2016 was a good year. Good for vertical hiking. As much as I despise hiking as such, when it comes to verticality, I am stoked out of my mind!I consciously say hiking, not camping as my aim this time in Yosemite was climbing routes we can manage in a day. I could not be asked to drag all the extras needed for an overnight stay. Do not get me wrong! I love sleeping on the vertical camping spots, just this time, my mindset was different. ( To be honest, I did spend some days up on El Cap with Simon and Vince, dirtbaging on Heart Ledges, becoming responsible for possible future avocado plantations at the foot of El Cap, but this was on one special occasion out of 3 months in The Valley.)
Climbing on Yosemite granite is like starting new sport. Beginning of rock climbing. I do feel an advantage of previous time on rock, yet it does not translate in capacity to tackle same difficulties I am used to. My first time around, I took the climbing grades converter and jumped on what I thought should be my level. Oh man, was I wrong! And felt humiliated. Then forced to understand I had to change my strategy. For aid climbing, I still was like – get on it! And with my partner Steve, we decided to learn the craft on The Nose in a push. One evening Daniel Joll from New Zealand Alpine Team showed us how to progress upwards, jummars, etries and all that jazz and next morning 2am we were set for NIAD! 46 hours later, hungry, thirsty, tired… We did summit eventually with support and encouragement of Team America we met at Pancake Flake.
That was the approach for aid.
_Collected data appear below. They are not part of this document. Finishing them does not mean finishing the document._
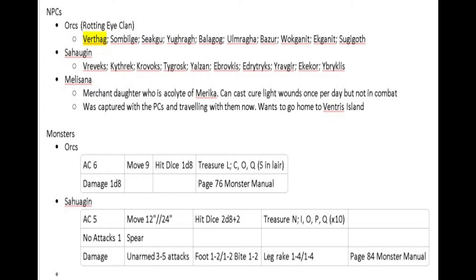I've fleshed out a little more information about Melisana: she's the daughter of a merchant, she's an acolyte of Marika, she can cast Cure Light Wounds once a day but not in combat — she needs time to really focus and think about it. She was with the PCs and wants to go home to Ventress Island — that note is there in case I were to suddenly forget why she's with them. For the orc and Sahagin stat blocks, I have quick notes plus where to go find the full listing should I need it.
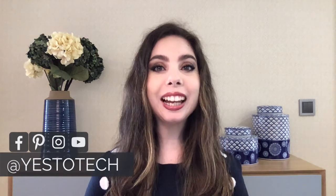Hey everyone, I'm Marina from Yes2Tech, and welcome back to my channel. Wondering how to add clickable links to Instagram posts?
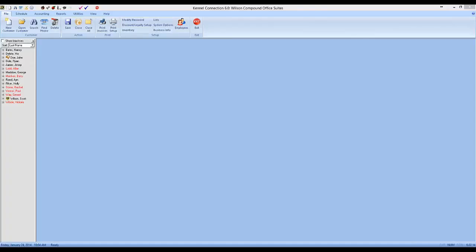Hello and welcome to the Kennel Connection webinar on setting up the QuickBooks Direct Link module in the Kennel Connection program. My name is Scott, I'll be your presenter for this webinar. I can be reached at the training department of Blue Crystal Software at either my email, scott@bluecrystalsoftware.com, or at 888-486-4343, extension 307.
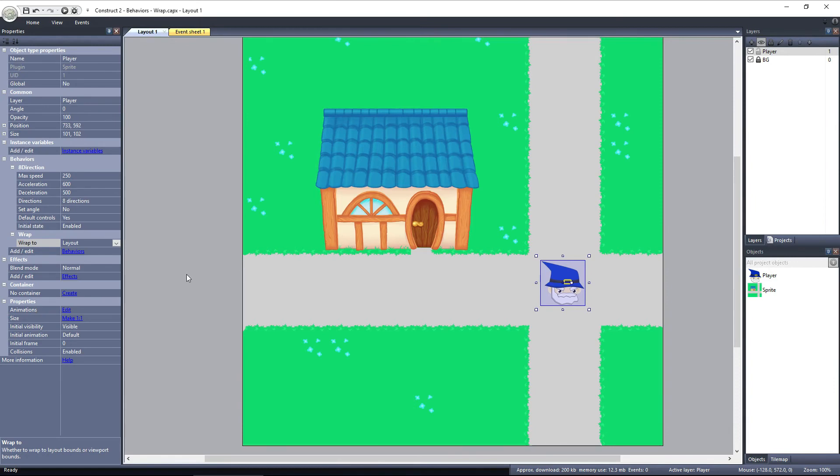Once they finally leave the layout, they could be wrapped back around and walk through the street again. The Wrap behavior can be used in ways like this instead of the standard Pac-Man style screen wrap. Just get creative and you can find lots of ways to use this behavior.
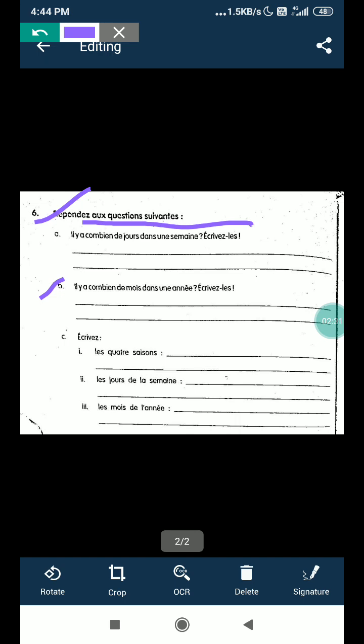And then MCQs will be given, then you have to write the answer. Same part C, same question will come, you have to write the answer in short form. So this is your exercises, two and six.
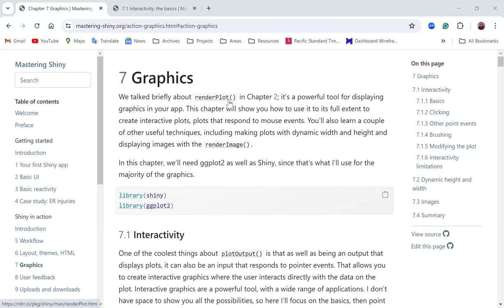Good day everybody. Today I will be going to Chapter 7 of the Mastering Shiny book, which is about graphics. The book talks about render plots, referring back to Chapter 2. It's a powerful tool for displaying graphics, and that is basically what this chapter is all coming up to.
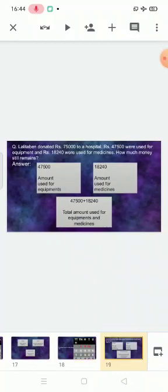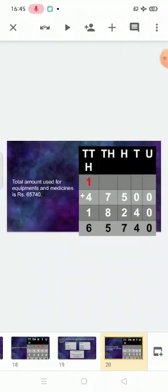Now the next sum. Lalitha Ben donated rupees 75,000 to a hospital. Rupees 47,500 were used for equipment and rupees 18,240 were used for medicines. How much money still remains? First we add the equipment money and the medicines money. Amount used for equipment: 47,500 plus 18,240. Draw the box and do the working — the answer will be 65,740.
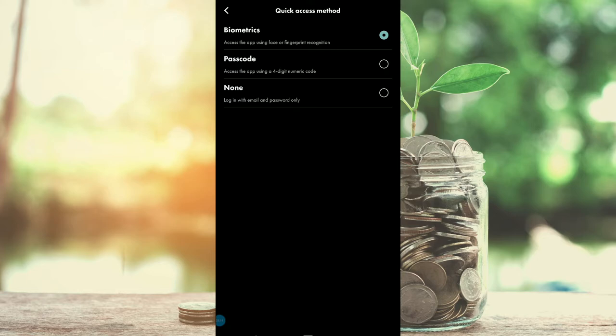Personally, I use the biometrics because it's very simple. I've set up my fingerprint and I trust the fingerprint reader on my smartphone that no one else can hack into it. So these are the different login methods for WealthsimpleTrade, and I definitely recommend the biometrics.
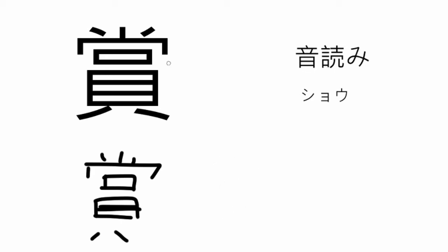What kind of prize? Maybe it's money. Maybe it's shokin, monetary prize. On to the next one.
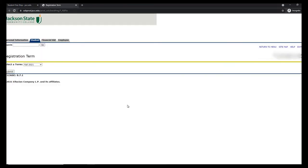Your screen should now be asking you to select a term. We are registering for Fall 2021 today, so as long as it's already on the Fall term, we're going to go ahead and click Submit.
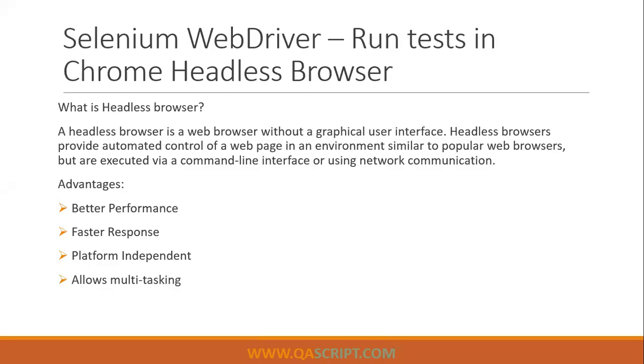Till now, we have been running all our tests on a real Chrome browser in our operating system like Windows. But now I'm going to show you how you can run your tests in a Chrome headless browser.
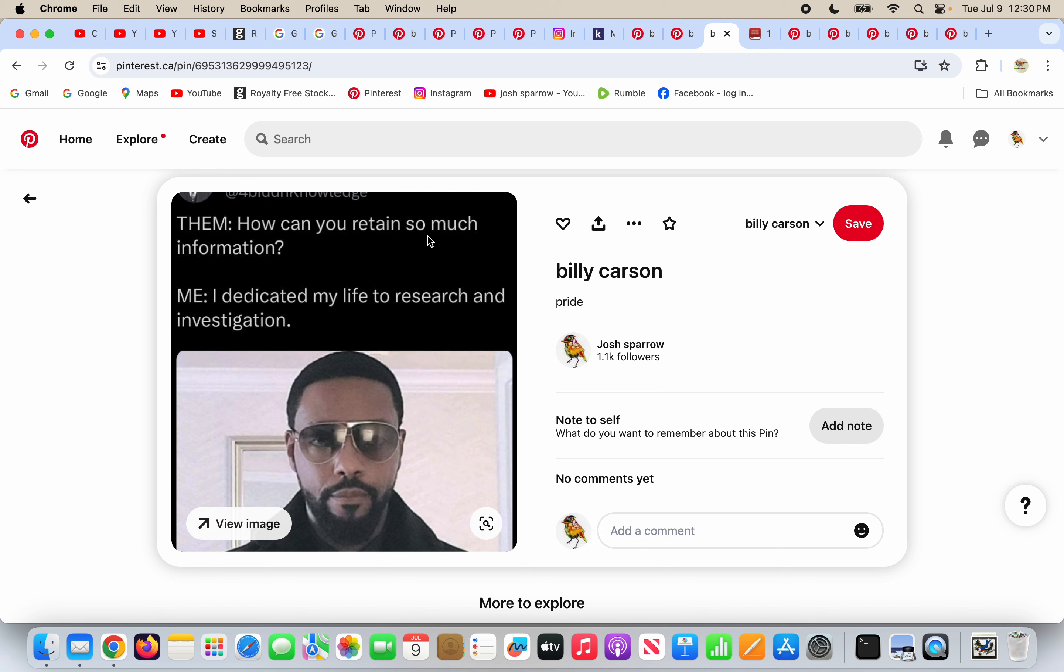How can you retain so much information, Billy Carson? Me, Billy Carson. I dedicated my life to research and investigation.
However, free climbing is different game altogerther. If you do not know how to progress you simply do not move. First lesson – The Narrows on Steck/Salathe. 1h in, progress equal to none we bailed going through awesomeness of night rappels. With free climbing I dropped the idea of “my grade”. I went on to climb heaps of moderate stuff, to get the right relationship with the rock, feel the smoothness and the pain of the jams, locks… 5min from the car. What a place to be climbing! And it bears its fruits. I was stoked to feel confident to solo Nutcracker, finally climb Blues Riff in Tualomne Meadows, West Face on El Cap and other joys.
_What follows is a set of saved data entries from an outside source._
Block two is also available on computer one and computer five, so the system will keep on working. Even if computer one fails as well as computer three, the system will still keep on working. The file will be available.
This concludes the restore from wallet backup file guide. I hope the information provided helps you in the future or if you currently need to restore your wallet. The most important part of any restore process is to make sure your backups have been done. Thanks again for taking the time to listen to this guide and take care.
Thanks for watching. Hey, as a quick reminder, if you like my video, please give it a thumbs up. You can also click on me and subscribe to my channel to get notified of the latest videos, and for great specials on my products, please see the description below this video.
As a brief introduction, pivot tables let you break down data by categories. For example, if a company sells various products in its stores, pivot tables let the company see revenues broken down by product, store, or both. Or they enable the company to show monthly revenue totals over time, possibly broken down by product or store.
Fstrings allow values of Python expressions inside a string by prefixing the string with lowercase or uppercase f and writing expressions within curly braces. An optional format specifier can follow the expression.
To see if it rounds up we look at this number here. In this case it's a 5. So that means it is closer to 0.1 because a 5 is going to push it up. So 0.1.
The approach time is THE bonus of climbing in Yosemite. Absolute world class walls so close to the road. What Chamonix provides in accessibility for Alpinism, Yosemite does for climbing/Big Walling. You do not have to worry about logistics, hiking time, the weather is rather predictable, as compared to e.g.. Patagonia or New Zealand. This allows to focus purely on technical difficulty at each and everyones own level.
Another great bonus is the range of grades and styles of climbing. You can come here as total beginner and work your way up the grades, or you do it Adam Ondra’s way – get on what is the most difficult line here. You can play on free climbs or learn the esoteric art of aid climbing. And when the exposure becomes too much, get yourself on some world class bouldering.
The last but not least is the endless psyche from people here. OK, mainly the US climbers. They might climb really hard, yet they will be genuinely stoked for your East Buttress of Middle Cathedral if that is what you just did. That spirit is so uplifting and maybe the main reason I love to go there again and again.
During my September/October 2016 time in Yosemite I teamed up with Ed Bulman from London. I am not into teaming up with people purely for an objective. I need to also like my climbing partners. I cannot talk for him, but for me this trip was a jackpot. Nice guy to hang out with that is all in to push hard.
We started by being a bit cocky, jumping on Freerider with our hopes and stoke as high as El Cap. Our strategy was to rap down the route and work on Boulder Problem and Enduro Pitch. Oh boy! The rappels were spicy as I never experienced them before. It was simply awesomeness at its best zipping down the Salathe head wall bouncing in and out to be sure to reach the next stance on the overhanging wall 800m off the deck.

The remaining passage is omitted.